Death

I have been thinking about death lately.  I suppose it began with our visit to the catacombs.  All the graves are empty now. The bones have been moved to prevent looters from stealing them as they sometimes did while helping themselves to marble and other artifacts. Once the catacombs held row upon row, passage after passage of bodies lying silent like seeds in the ground or cocoons in metamorphosis.  Now the tombs are empty slots carved into rock  - a foretaste of the Resurrection.

In death, children seem no different from adults.  Their slots are smaller, but they are buried like the rest.  Small seeds will sprout as surely as larger ones. I imagine Clara lying in one of those little tombs, and surprisingly, I am comforted.

Though the great majority of Christians buried in the catacombs died of natural causes, there were many martyrs among their ranks.  Being in Rome, I found the humility of their sacrifice all the more moving.  The signs and symbols of imperial Rome are still in evidence. Pagan statues line walks and adorn public building -  young bodies, eternally strong and beautiful, sensual and powerful. The wisdom of God in forbidding graven images becomes more apparent to me.  Art expresses the heart, and the Roman heart lusted for immortality.

Who were these fathers and mothers so willing to give up their lives?  And did they know that their silent witness would win the day?  

I think of death for other reasons. My parents are aging. Even friends begin to pass. I love life, but it is hard and full of sorrow.  These words of St. Ambrose resonate with my own musings.

Death was not part of nature; it became part of nature. God did not decree death from the beginning; he prescribed it as a remedy. Human life was condemned because of sin to unremitting labour and unbearable sorrow and so began to experience the burden of wretchedness. There had to be a limit to its evils; death had to restore what life had forfeited. Without the assistance of grace, immortality is more of a burden than a blessing.

 The martyrs knew this, and they were full of hope. For now at least, their hope strengthens me. I found a prayer on this trip which I have been praying for myself, for my parents, for those who come to heart. I imagine the thoughts of our fathers and mothers in the catacombs moved along similar paths, forming their prayers in Latin, Greek, Aramaic.
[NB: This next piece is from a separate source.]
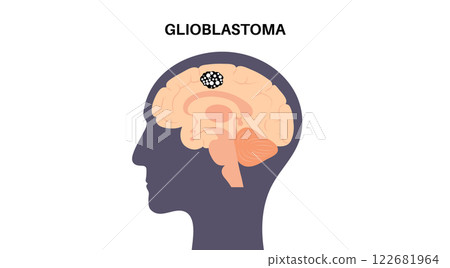 Glioblastoma brain cancer 122681964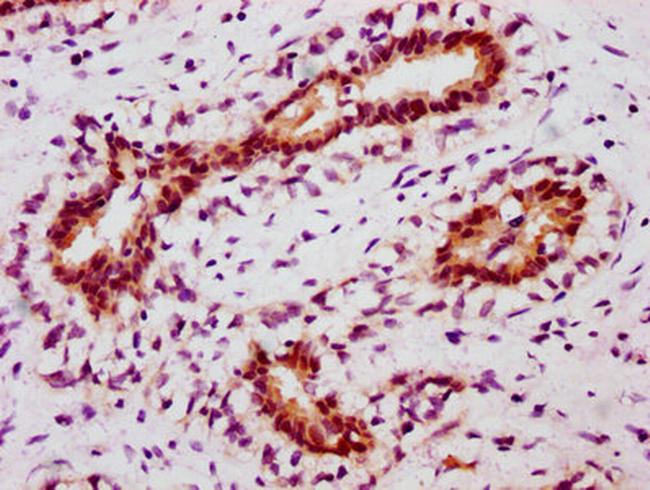 Phospho-STAT5 alpha (Tyr694) Antibody in Immunohistochemistry (Paraffin) (IHC (P))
When the signs of age begin to mark my body
(and still more when they touch my mind)
when the ill that is to diminish me or carry me off
strikes from without or is born within me;
when the painful moment comes
in which I suddenly awaken
to the fact that I am growing old
and above all at that last moment
when I feel I am losing hold of myself
and am absolutely passive within the hands
of the great unknown forces which formed me;
in all those dark moments, O God,
grant that I may understand that it is You
(provided only that my faith is strong enough)
who are painfully parting the fibres of my being
in order to penetrate to the very marrow
of my substance and bear me away within Yourself.